Part 3 — DMS S3-writer IAM role (Option B only — 1 min)
Skip this part if you chose Option A (PostgreSQL target). Go straight to Part 4.
DMS needs an IAM role with write access to your S3 bucket. You don't have to create this manually — when you configure the S3 target endpoint in Part 5.2 Option B, the DMS console offers a "Create new IAM role" link that creates the role + inline policy in one click. Use that.
If you'd rather pre-create the role (for repeatable scripted setups, or to avoid the wizard side-trip), here's the manual path. Otherwise skip to Part 4.
Manual creation (optional) — IAM console → Roles → Create role
| Field | Value |
|---|---|
| Trusted entity type | AWS service |
| Use case | DMS |
| Role name | dms-cdc-s3-role-<U> |
Skip the AWS-managed policies dropdown, click Next → Create role.
Open the role → Add permissions → Create inline policy → JSON tab:
{
"Version": "2012-10-17",
"Statement": [{
"Effect": "Allow",
"Action": ["s3:PutObject", "s3:DeleteObject", "s3:ListBucket", "s3:GetBucketLocation"],
"Resource": [
"arn:aws:s3:::quicklabs-student<U>-curated",
"arn:aws:s3:::quicklabs-student<U>-curated/*"
]
}]
}Save as dms-s3-inline. Then in Part 5.2 use this role ARN directly instead of clicking "Create new IAM role."
Part 4 — Create the DMS replication instance (10 min)
DMS console → Replication instances → Create replication instance
| Field | Value |
|---|---|
| Name | oil-cdc-rep-<U> |
| Instance class | dms.t3.micro (cheapest, free tier eligible) |
| Engine version | latest |
| Allocated storage | 20 GB |
| VPC | same VPC as your RDS |
| Multi-AZ | dev or non-prod (single AZ) |
| Publicly accessible | No |


Provisioning takes ~5 minutes.
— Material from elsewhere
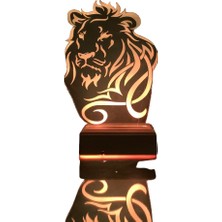 Modiwa Design Aslan 16 Renk Uzaktan Kumandalı 3D Ahşap Gece Lambası Hediyelik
Move on to the endpoints while it provisions.
Part 5 — Create the source and target endpoints (5 min)
5.1 Source endpoint (Postgres)
DMS console → Endpoints → Create endpoint
| Field | Value |
|---|---|
| Endpoint type | Source |
| Endpoint identifier | oil-source-pg-<U> |
| Source engine | PostgreSQL |
| Server name | your RDS endpoint (e.g. oil-db-<U>.xxx.us-west-2.rds.amazonaws.com) |
| Port | 5432 |
| Database name | oil |
| User name | postgres |
| Password | your password |
| SSL mode | require — NOT none (RDS rejects unencrypted) |

Test connection (pick oil-cdc-rep-<U> as the rig). Must say "Successfully connected" before continuing.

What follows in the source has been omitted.